In the entries below, which lines run from the one containing "Nils Petersen in" to the one containing "Дава се под"? Copy exactly those lines, ends included, and no others.

MATERIAL FOR THIS EXERCISE Block Start

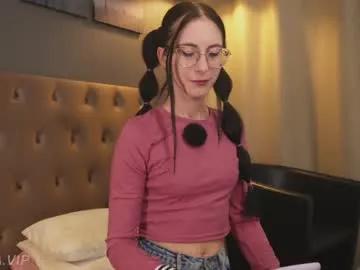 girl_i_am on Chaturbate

MATERIAL FOR THIS EXERCISE Block End
MATERIAL FOR THIS EXERCISE Block Start

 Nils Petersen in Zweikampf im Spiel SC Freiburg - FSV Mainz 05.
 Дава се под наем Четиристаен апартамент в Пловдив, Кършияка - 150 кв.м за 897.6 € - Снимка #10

MATERIAL FOR THIS EXERCISE Block End
MATERIAL FOR THIS EXERCISE Block Start

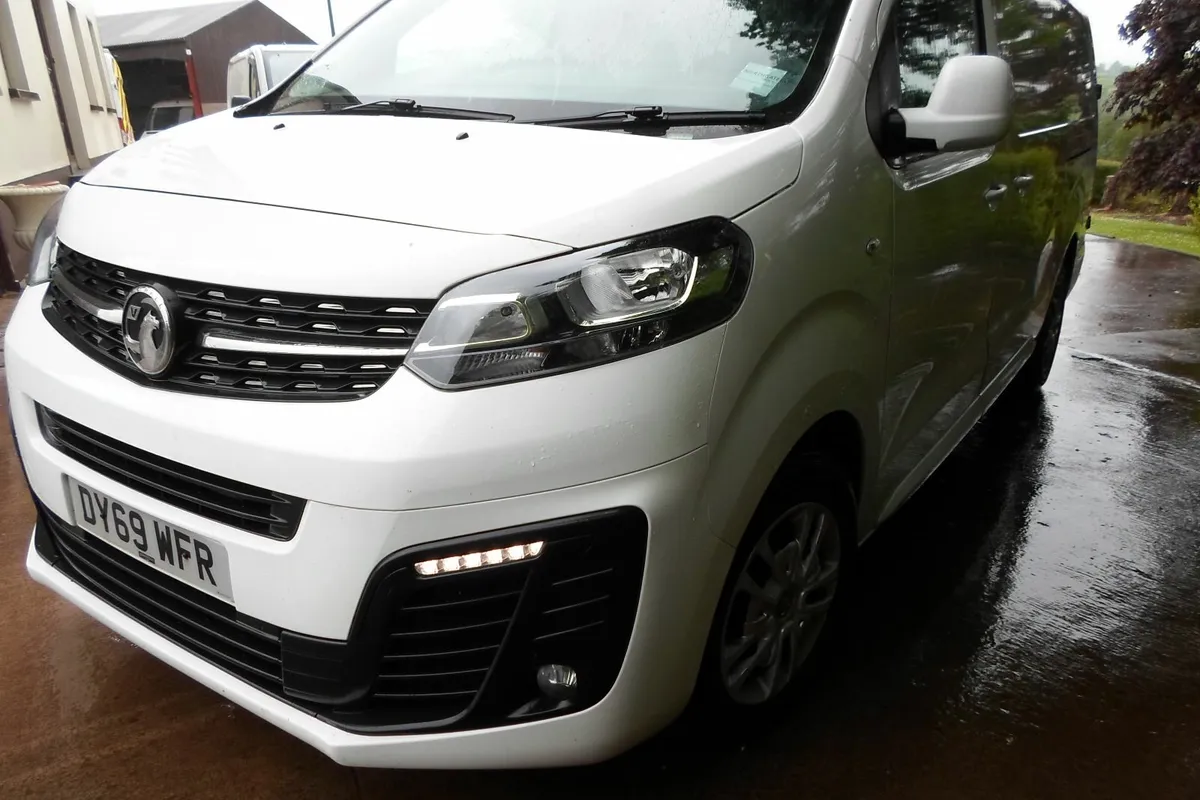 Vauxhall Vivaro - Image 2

MATERIAL FOR THIS EXERCISE Block End

RESULT FOR THIS EXERCISE -
 Nils Petersen in Zweikampf im Spiel SC Freiburg - FSV Mainz 05.
 Дава се под наем Четиристаен апартамент в Пловдив, Кършияка - 150 кв.м за 897.6 € - Снимка #10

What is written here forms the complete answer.